The course readings, data sets, and code are available on the course GitHub repo.
If you are absent please email me and let me know or send me a text message. Course work is due as detailed in the course schedule. Late work is penalized 2% of the earned mark for every day it is late. If you are absent on a day that an assignment or project milestone is due, please make sure to turn it in early. If you are ill, please communicate with me regarding an extension.
William & Mary recognizes that students juggle different responsibilities and can face challenges that make learning difficult. There are many resources available at W&M to help students navigate emotional/psychological, physical/medical, material/accessibility concerns, including:
- The W&M Counseling Center at (757) 221-3620. Services are free and confidential.
- The W&M Health Center at (757) 221-4386.

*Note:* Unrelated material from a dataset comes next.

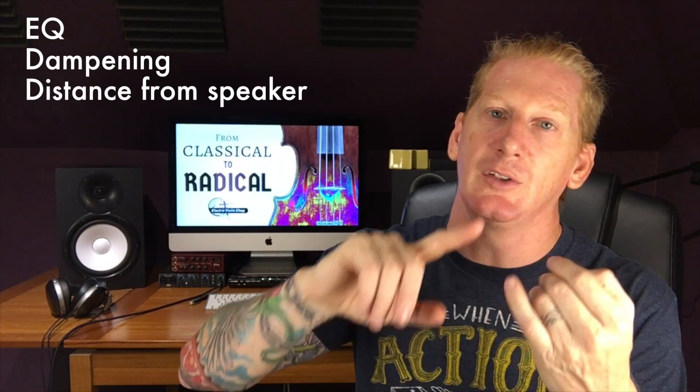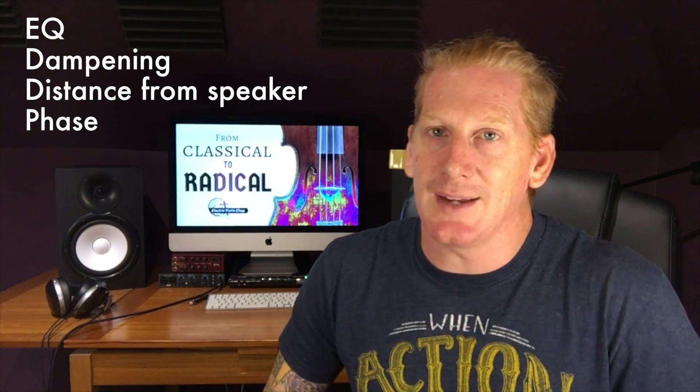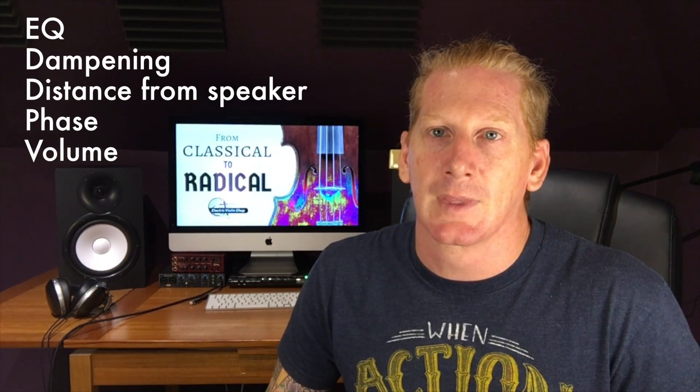So that's sort of where we are. You've got EQ, you've got dampening, you've got movement from the speaker, you've got the phase button on your board or your DI, and maybe last-ditch you're just going to have to turn down. That's how we deal with feedback in an acoustic violin, or an acoustic electric violin, or a microphone — undesired feedback on a stage. Those are some of the weapons at your disposal. Thanks for watching, and we'll catch you guys next time.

- For additional support or resources & questions, Contact the Dean of Students at 757-221-2510.
date | academic event |
---|---|
2024-01-23 | Add/drop period begins at 1:00 pm |
2024-01-24 | First day of classes Non-degree seeking registration begins |
2024-02-02 | Last day to add/drop Deadline to file a minor declaration form for May or August graduates |
2024-02-03 | Withdrawal period begins |
2024-03-04 | Midterm grading begins |
2024-03-09 | Spring Break |
2024-03-10 | Spring Break |
2024-03-11 | Spring Break |
2024-03-12 | Spring Break |
2024-03-13 | Spring Break |
2024-03-14 | Spring Break |
2024-03-15 | Spring Break |
2024-03-16 | Spring Break |
2024-03-17 | Spring Break |
2024-03-18 | Classes resume after Spring Break |
2024-03-24 | Midterm grading ends at 11:59 p.m. |
2024-03-25 | Last day to withdraw from a full-term course |
2024-05-03 | Last day of classes |
2024-05-04 | Reading periods |
2024-05-05 | Reading periods |
2024-05-11 | Reading periods |
2024-05-12 | Reading periods |
2024-05-06 | Final exam periods |
2024-05-07 | Final exam periods |
2024-05-08 | Final exam periods |
2024-05-09 | Final exam periods |
2024-05-10 | Final exam periods |
2024-05-13 | Final exam periods |
2024-05-14 | Final exam periods |
2024-05-16 | Spring grades due by 9 a.m. for graduating students |
2024-05-16 | Spring Degree Conferral and Commencement Ceremony |
2024-05-17 | Spring Degree Conferral and Commencement Ceremony |
2024-05-18 | Spring Degree Conferral and Commencement Ceremony |
2024-05-21 | Spring grades due by 9 a.m. for continuing students |
Students are expected to conduct themselves according to the Honor Code.